While it may not be garnering a lot of headlines, though, an expired package of tax provisions, little known outside Washington, has the potential to create as much of a headache for lawmakers as a number of much more visible issues.
Congress this year allowed a package of so-called “tax extenders” to expire, and has left it to the lame duck session to renew them. The extenders are a grab bag of tax breaks and incentives targeting everything from businesses’ research and development costs to money teachers spend out of their own pockets to buy classroom equipment.
In the past, the extenders have been renewed on a routine basis, but in the 113th Congress, virtually nothing has been routine. The EXPIRE Act, a bill renewing them through 2015 passed the Senate Finance Committee, but was not passed by the full Senate. In the House, Republicans identified a number of the extenders that they felt strongly about and tried to make them permanent, severing them from the remainder of the tax breaks.
The House Republican move gained no traction in the Senate, not least of all because the package of extenders, as it exists now, is a compromise. There are elements of it Democrats like and elements they hate. The same holds true for the GOP. The reason that it has passed routinely over the years is that lawmakers were willing to swallow some measures they disliked in order to gain the ones the supported.
The move in the House to make elements important to Republicans permanent while leaving the extenders favored by Democrats out was a non-starter in the Senate for two reasons. First of all, there was little Democratic appetite for passing a bill tailored specifically to Republican sensibilities. Second, removing the elements of the bill important to the GOP and passing them separately virtually guaranteed that Republicans would never allow the remaining extenders to pass.

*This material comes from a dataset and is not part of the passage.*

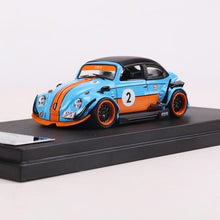 Load image into Gallery viewer, HKM 1:64 RWB Gulf Beetle VW Convertible Sports Model Diecast Metal Car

While this may sound like an obscure argument that few voters will take notice of, Internal Revenue Service Commissioner John Oscine, in a letter to Congress last week, made it obvious why continuing to delay passage of the tax extenders will start to matter very much to millions of members of the general public.
“The IRS is currently facing a great deal of uncertainty related to the expired provisions, which raises serious operational and compliance risks,” he wrote.
“This uncertainty, if it persists into December or later, could force the IRS to postpone the opening of the 2015 filing season and delay the processing of tax refunds for millions of taxpayers,” Oscine added. The ultimate result of further delay, he said, would be “service disruptions, millions of taxpayers needing to file amended returns, and substantially delayed refunds.”
Last week Senate Finance Committee Chair Ron Wyden (D-OR) urged his fellow lawmakers to make passing the extenders a priority in the coming lame duck session.
“It has been over six months since the Finance Committee passed the EXPIRE Act with strong bipartisan support,” Wyden said in a statement. “As the 2015 filing season begins to loom large, it is more urgent than ever that Congress moves in a decisive and bipartisan way to renew expired tax provisions that will give taxpayers the certainty they need to plan their finances.”
He added, “As the economy begins to show signs of strength, uncertainty from the federal tax code is the last thing American businesses and families need as they look to grow and invest. Congress needs to act swiftly on these important tax provisions so it can get to work on a comprehensive overhaul of the tax code and lift the fog of uncertainty from taxpayers.”
Unfortunately, swift action in the public interest has not been a hallmark of the 113th Congress.